Take the line containing "3 Tier Entry" and every line after it to the end of the records, and copy them exactly, excluding pictures.

** Opening Exercise data block **

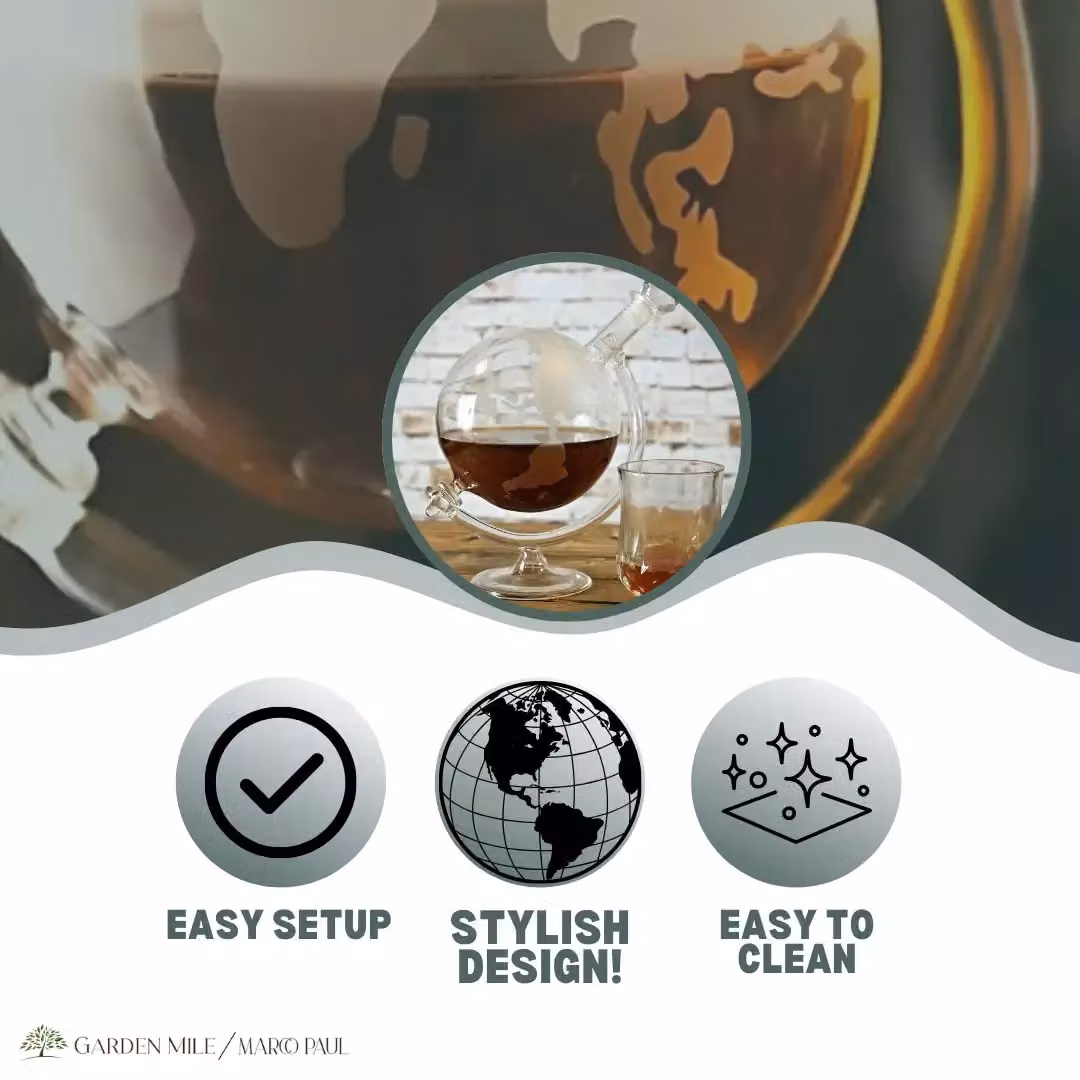 Marco Paul Glass World Globe Decanter in Clear – 5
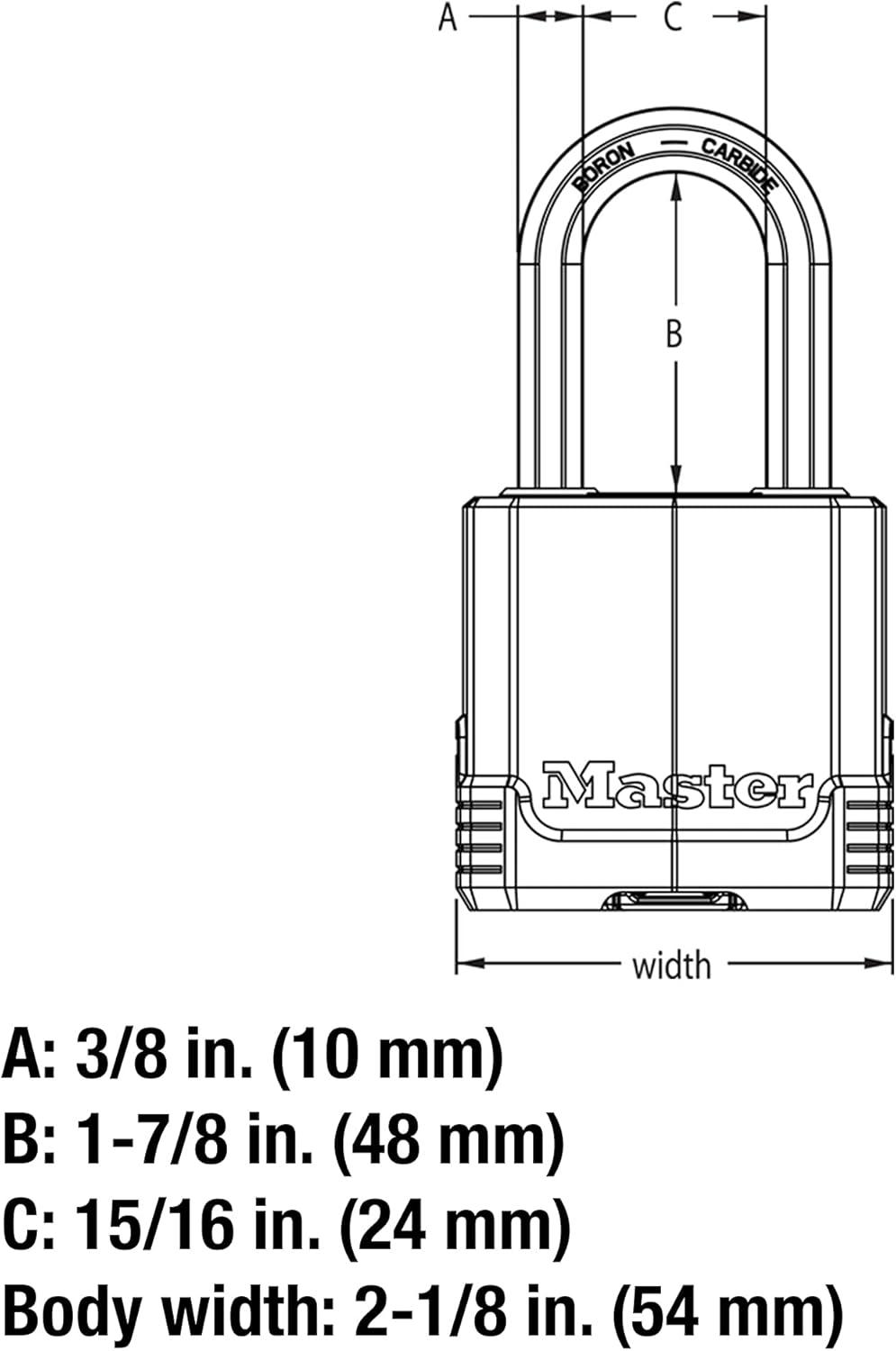 imageMaster Lock M515XTLH Magnum Heavy Duty Padlock with Key 2 Pack KeyedAlike2 Pack KeyedAlike
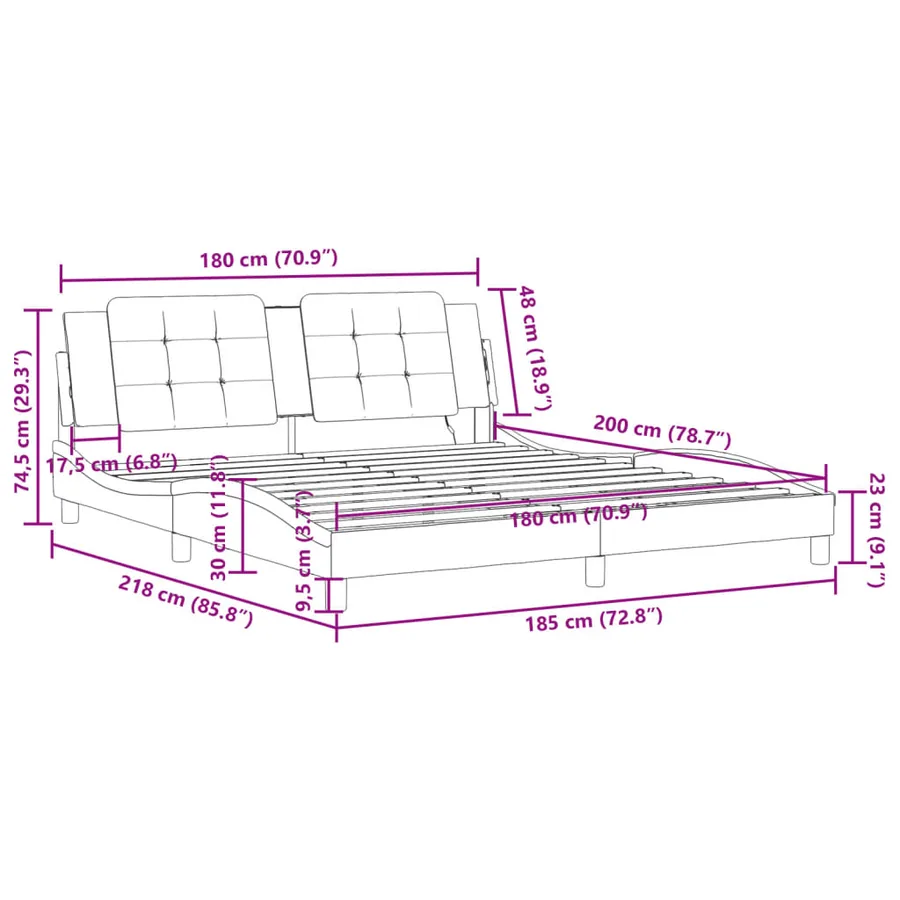 Cadre de lit avec LED sans matelas Zadar noir et blanc 180x200 cm - 17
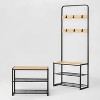 3 Tier Entry Bench with Hooks Black Metal with Natural Wood - Brightroom™ - 4 of 4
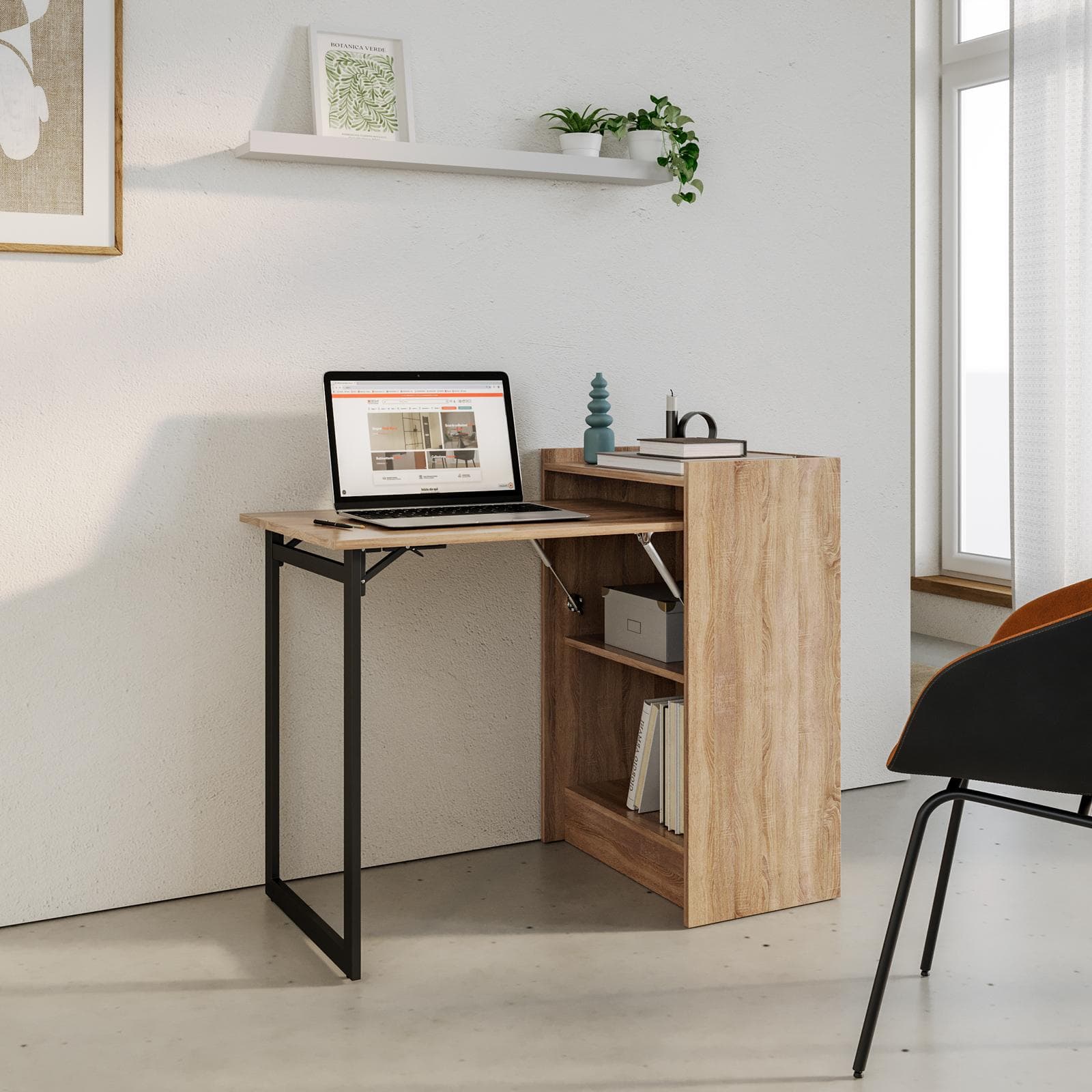 Scrivania a scomparsa 102x58 cm effetto rovere selvatico e acciaio nero - Telpan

** Closing Exercise data block **

• **Exercise solution**
 3 Tier Entry Bench with Hooks Black Metal with Natural Wood - Brightroom™ - 4 of 4
 Scrivania a scomparsa 102x58 cm effetto rovere selvatico e acciaio nero - Telpan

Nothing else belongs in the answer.